Quando finalmente consegui uma audiência com Marín, o alto representante das Farc em Havana, ele não demonstrou o menor remorso pelos sequestros, apesar de as Farc terem repudiado a tática. Ele me corrigiu: "As retenções foram feitas para apoiar a rebelião".

Marín também ignorou perguntas sobre o papel das Farc no narcotráfico, que é fartamente documentado. Mas ele disse que achou dolorosos os depoimentos das vítimas. "Testemunhamos a dor que pesa sobre muitos colombianos em consequência deste conflito", ele disse.
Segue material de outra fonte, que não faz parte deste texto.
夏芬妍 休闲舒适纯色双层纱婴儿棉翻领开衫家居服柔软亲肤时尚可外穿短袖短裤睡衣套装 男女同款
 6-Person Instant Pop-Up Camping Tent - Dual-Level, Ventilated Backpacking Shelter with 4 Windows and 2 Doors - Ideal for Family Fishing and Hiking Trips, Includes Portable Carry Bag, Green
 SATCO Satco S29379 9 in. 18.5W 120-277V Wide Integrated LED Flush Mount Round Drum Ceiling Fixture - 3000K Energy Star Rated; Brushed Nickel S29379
Os dois lados chegaram a acordos provisórios sobre reformas agrárias, uma abordagem de longo prazo para refrear o tráfico de drogas e um acordo político que permitirá ao grupo guerrilheiro competir nas urnas.

A tarefa final e mais complexa envolve decidir quem será punido, e com que gravidade, pelos abusos na guerra, e também como absorver membros da base guerrilheira na sociedade civil.

Marín argumenta que líderes guerrilheiros não devem encarar sentenças de prisão. "Não vamos pedir perdão por termos usado armas", ele disse.

O governo colombiano se esforça para criar um sistema judicial para a guerra. "Uma anistia ampla está fora de questão", disse o negociador-chefe do governo, Sergio Jaramillo. "É preciso haver responsabilização."

Marín disse que todos os colombianos precisam se unir para "um ato de perdão". "Precisamos jurar que 'nunca mais'."

Naquela noite fiquei acordado, lembrando a ansiedade que sentia na infância. Senti saudades do país que deixei e refleti que quase não sinto mais que ele seja meu lar. Não confio em Marín, mas talvez a esperança exija que confiemos em suas palavras.